L’occhio del padrone è sempre molto attento

Cervus ex nemorum latibulis excitatus, ut efugeret (“per fuggire”) venatores et instantem necem, caeco timore captus vicinam villam petit et in bovili se condidit. Bos illi latenti dixit: “Ruinam tibi paravisti, infelix, quia ad necem cucurristi hominum tecto te committens.” At ille supplex, sibimet metuens, respondit: “Vos modo mihi parcite (+ dat.); occasione data rursus e bovili erumpam et in silva me occultabo”. Cum dies inem habiturus erat, bubulcus rondem gerit sed cervum non videt. Excedunt et revertunt subinde omnes rustici, nemo (“nessuno”, sogg.) illum animadvertit: in stabulum etiam vilicus venit nec eum (“lo”) sentit. Tum secum gaudens cervus salvum se putabat et bubus quietis gratias agebat, quia ei (“gli”, “a lui”) hospitium illi dederant adverso tempore sibi spatium subtrahentes. Respondit unus: “Salvum te cupimus quidem; sed si dominus, oculos centum (“cento”, indeclinabile) habens, venerit, magnum periculum tibi et vitae tuae erit”. Inter haec dominus a cena decessit et, quia boves neglectos viderat, accedit ad praesepe et se irā incensum ostendens clamavit: “Cur rondes paucae sunt et stramenta desunt (“mancano”)? Cur haec aranea sublata non sunt?” et, dum omnia inspiciuntur, cervi quoque alta cornua videntur. Convocata familia, cervus occisus est et dominus bonam praedam sibi procuravit. Hac fabula dominus sedulus ad sese et res suas signiicatur.
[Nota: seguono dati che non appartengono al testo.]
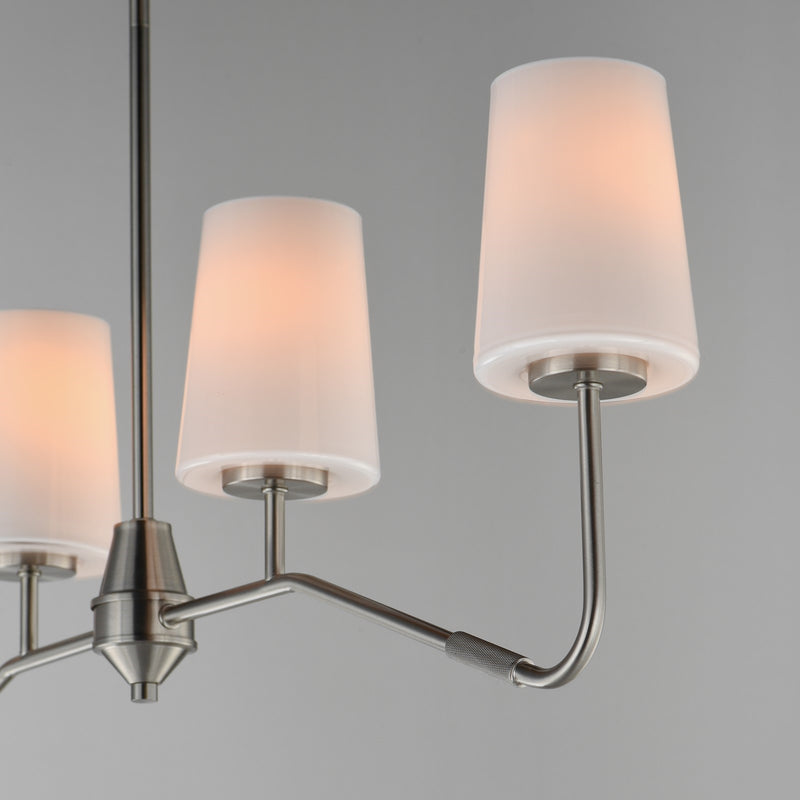 Maxim Lighting Durham 4Lt 12.25" Linear Pendant, Satin Nickel/White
Ad Litteram – Esercizi 1 – Pag.203 n.4 – Fedro

Un cervo spronato fuori dai nascondigli dei boschi per sfuggire ai cacciatori e alla morte incombente, preso da cieca paura raggiunse una vicina fattoria e si rifugiò nella stalla dei buoi. Un bue disse a colui che si nascondeva: “Hai preparato la tua rovina, infelice, perché sei corso verso la morte affidandoti al tetto degli uomini”. Ma quello supplichevole, temendo per sé stesso, rispose: “Almeno voi risparmiatemi; quando me ne sarà data occasione correrò di nuovo fuori dalla stalla e mi nasconderò nel bosco”. (Dato che “inem” e “rondem” non esistono traduco a naso). Com’era solito fare alla fine del giorno il bifolco/stalliere porta fogliame/fronde ma non vede il cervo. Escono e ritornano subito dopo tutti i contadini, nessuno si accorge di lui: entra nella stalla anche il fattore e non si avvede di lui. Allora godendo fra di sé il cervo si crede salvo e ringraziava i buoi tranquilli/complici perché gli avevano dato rifugio in un momento di difficoltà sottraendo spazio a sé stessi. Rispose uno [dei buoi]: “Anche noi ti vogliamo salvo; ma se verrà (lett. sarà arrivato) il padrone, che ha cento occhi, ci sarà un gran pericolo per te e per la tua vita”. Nel frattempo il padrone si alzò da pranzo e, poiché aveva visto i buoi trascurati, si avvicinò alla mangiatoia e, mostrandosi acceso d’ira, gridò: “Perché le frasche sono poche e mancano le biade? Perché non sono state rimosse queste ragnatele?” e, mentre ispeziona ogni cosa, si accorge (lett. si vedono anche) delle alte corna del cervo. Chiamata a raccolta la famiglia, il cervo fu ucciso ed il padrone si procurò una buona preda. Questa favola mostra che un padrone è attento a sé ed alle sue cose.